Rabindranaz Tagore: La luna nueva. El jardinero. Ofrenda lírica

ED. Alianza, Madrid, 2016         

Él ha sido una de las claves líricas que ha alimentado el sentimiento poético no sólo de su India natal, sino también de buena parte, cuando menos, de Europa. Sobre todo después de haberle sido concedido el premio nobel de Literatura.               Y el secreto de su canto poético es sencillo: otorgar a la idea del amor el movimiento perpetuo en que se mueven los corazones, los sentimientos que alimentan el sueño de esperanza, de belleza: “Tú, que no sé quién eres; tú, que lees estos versos míos que tienen ya cien años, oye: No puedo ofrecerte una sola flor de todo el tesoro de la primavera, ni una sola luz de estas nubes de oro.
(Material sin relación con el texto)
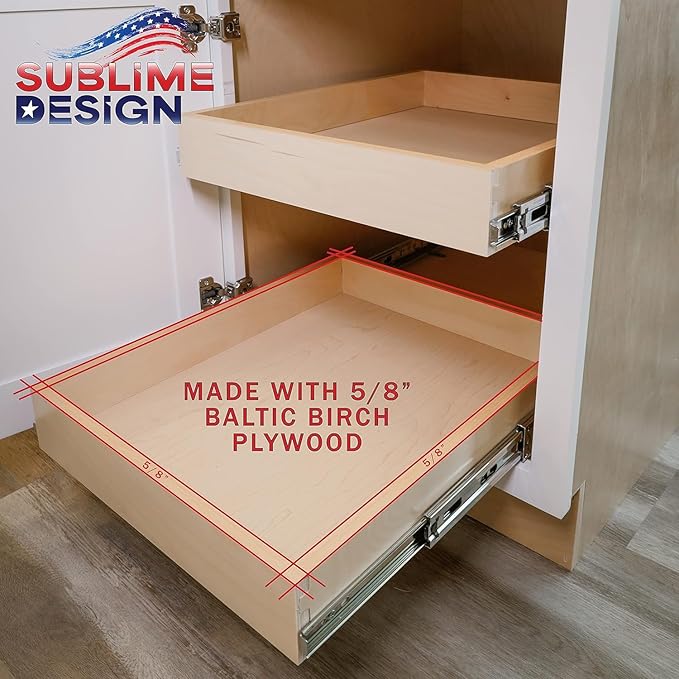 Sublime Design - Standard Size - Pull Out Kitchen Drawers | Slide Out Shelves for Kitchen Cabinets | Pull Out Home Organizer (Side Mounting, 24 Inch W/Drawer Slides (23” Drawer Box))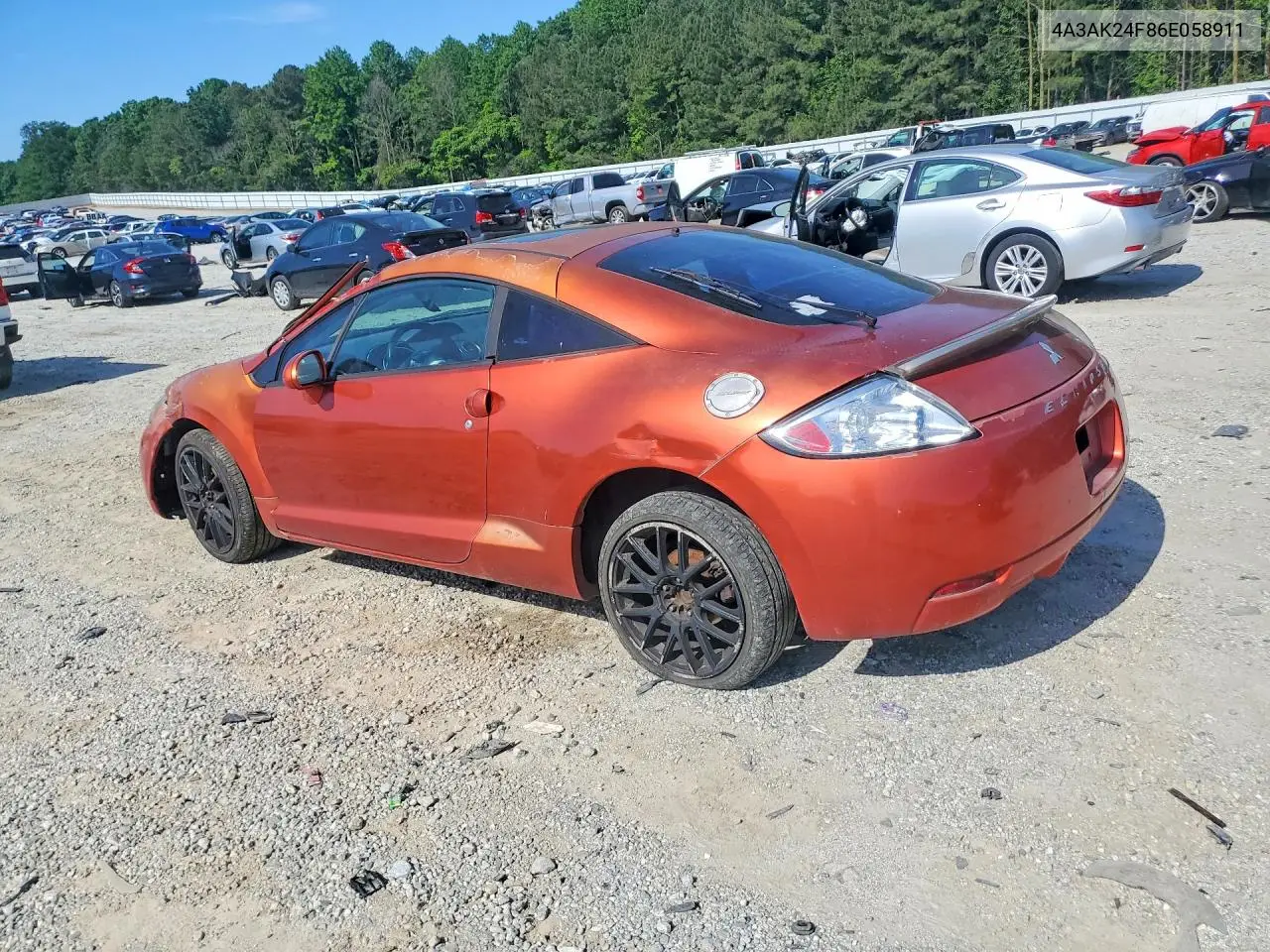 2006 Mitsubishi Eclipse Gs VIN: 4A3AK24F86E058911 Lot: 52175086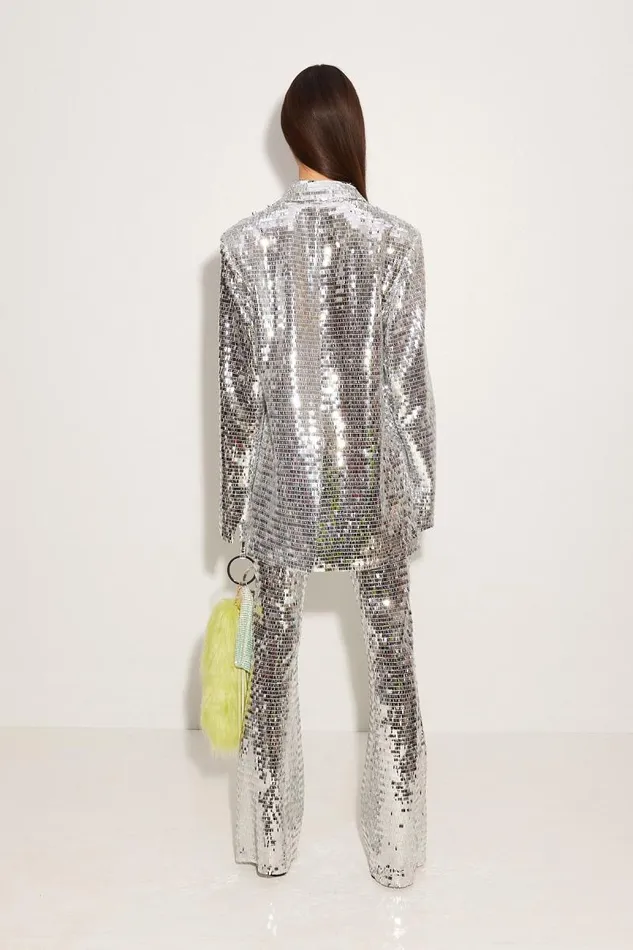 Shop Simon Miller BOTTOMS Sequin Robo Pant Satellite Silver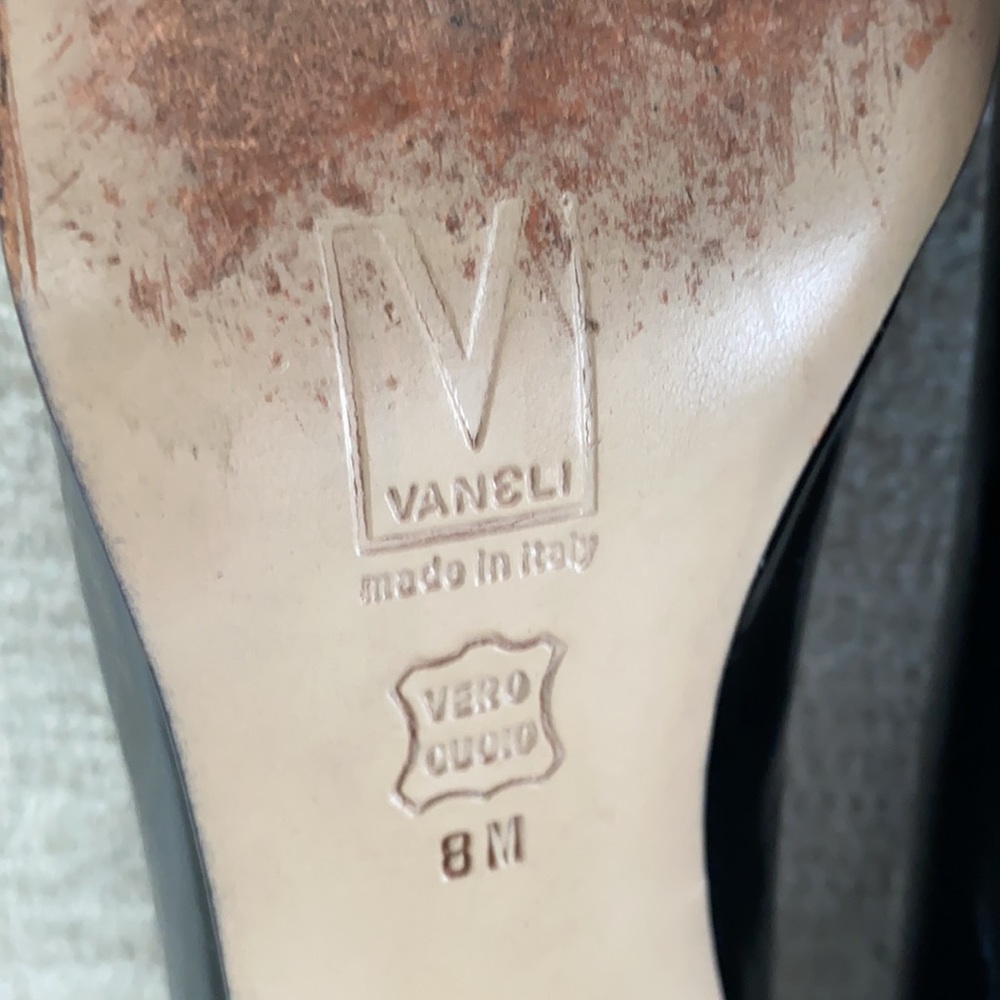Vaneli black patent leather heels/pumps . Size 8M - Picture 6 of 9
Pero abre tus puertas y mira; y coje, entre la flor de tu jardín, el recuerdo oloroso de las flores que hace cien años murieron.¡Y ojalá puedas sentir en la alegría de tu corazón la alegría viva que esta mañana de abril te mando, a través de cien años, cantando dichosa!” He aquí un canto ingenuo, libre, abierto a todo aquel que lea y desee compartir un futuro generoso y dócil. Una percepción idílica de la realidad que habría de trasladarse a la obra de quien le dio a conocer entre nosotros, el poeta Juan Ramón Jiménez y su esposa, como traductora. Hoy la estética ha cambiado, pero siempre serán válidas aquellas fórmulas que animen a la esperanza. El secreto de lo humano también se funda ahí, en un porvenir dichoso.              Tal vez el poeta Tagore tenía en mente como destinatario a su pueblo, pero sus claves emocionales, románticas, resultaron ser universales: “Bajaste de tu trono y te viniste a la puerta de mi choza. Yo estaba solo, catando en un rincón, y mi música encantó tu oído. Y tú bajaste y te viniste a la puerta de mi choza” Yo, poseedor del canto como poeta, adquiero poder ante tí solo a través del propio canto, de la esperanza necesaria, a la que invoco. Tal vez el amor no sea sino continuación de un canto de amor que, estando en el aire, siendo paisaje, en un momento dado se posa en el corazón solitario para continuar con el crecimiento de la vida, con la inveterada ilusión de la felicidad posible.